To do -> Beginning at the line with "Sansevieria Mosar" in the records below, return each line up to and including the last, exactly as it stands, but not the pictures.

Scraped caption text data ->
....................
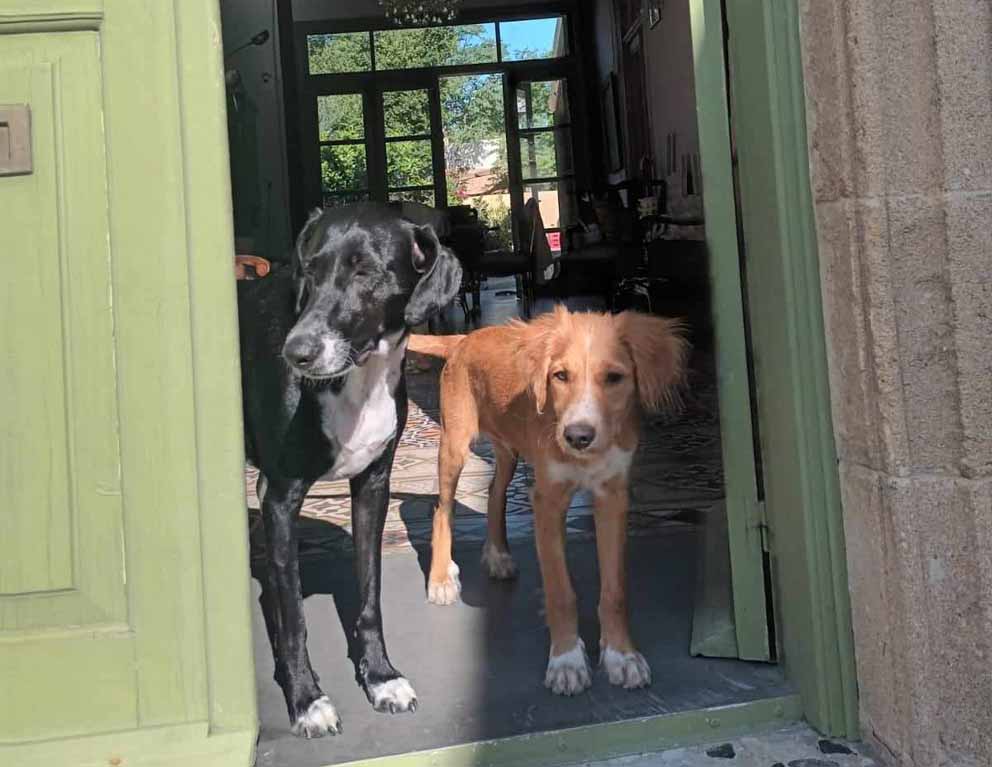 Stray dog shelter in Nicosia set to expand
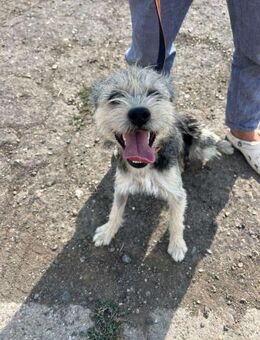 ❤️🐾 KISHA, unkompliziertes Hundekind - Eichendorf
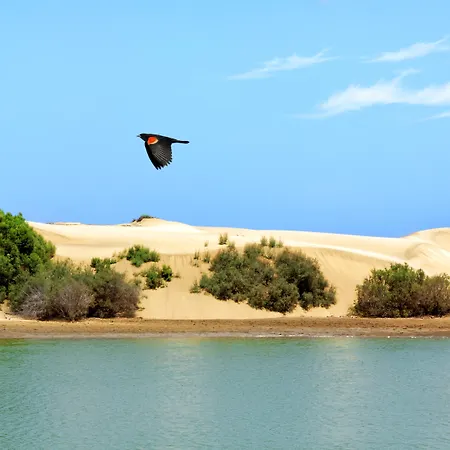 Appartamento Tamara Maspalomas (Gran Canaria)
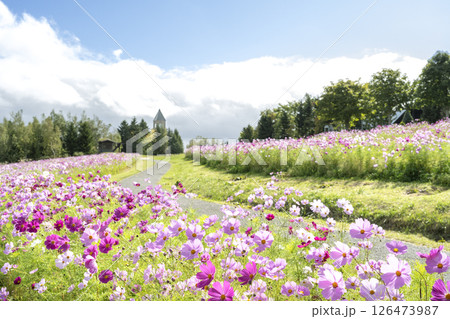 コスモス 滝野すずらん丘陵公園 札幌市 コスモス 滝野すずらん丘陵公園 札幌市 126473987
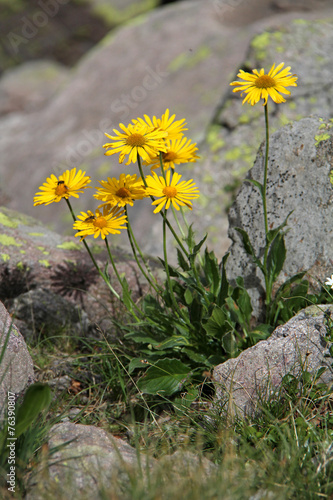 Fototapeta Naklejka Na Ścianę i Meble -  margherite gialle (doronicum clusii)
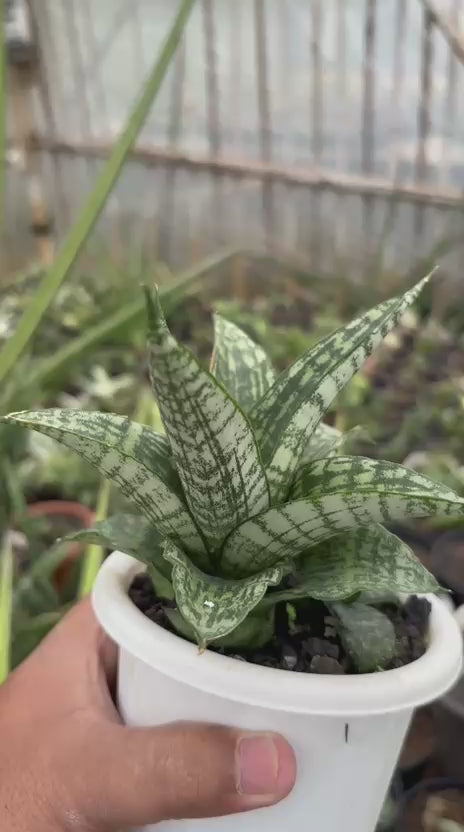 Sansevieria Mosar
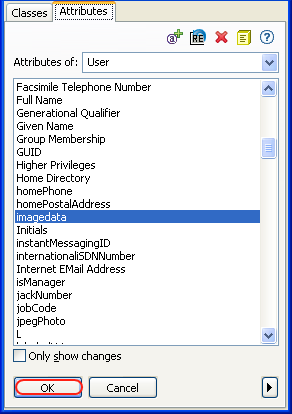 Launching the Hex editor by selecting the attribute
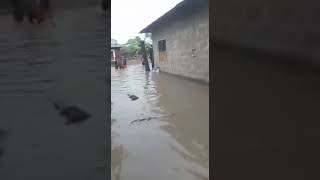 Download Mvua Zanzibar Video MP3 Mvua Zanzibar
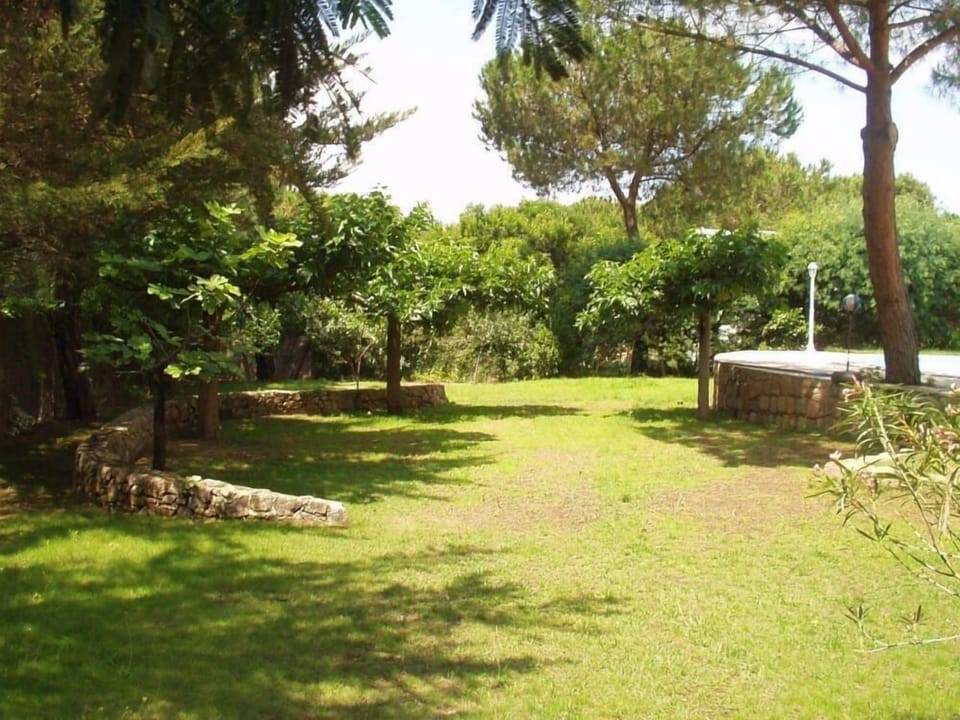 Garden, Park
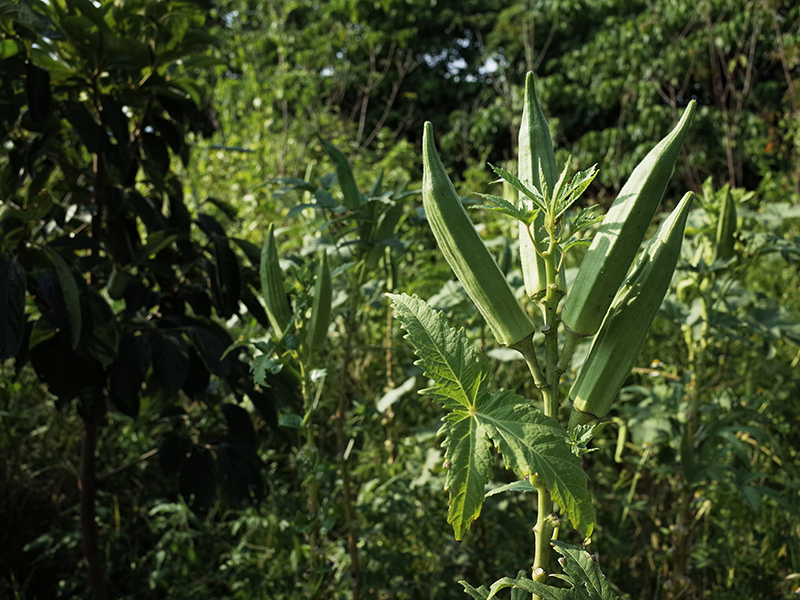 2016-08-21拔草015.jpg 2016-08-21拔草015.jpg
....................
Answer to this problem ->
 Sansevieria Mosar
 Launching the Hex editor by selecting the attribute
 Download Mvua Zanzibar Video MP3 Mvua Zanzibar
 Garden, Park
 2016-08-21拔草015.jpg 2016-08-21拔草015.jpg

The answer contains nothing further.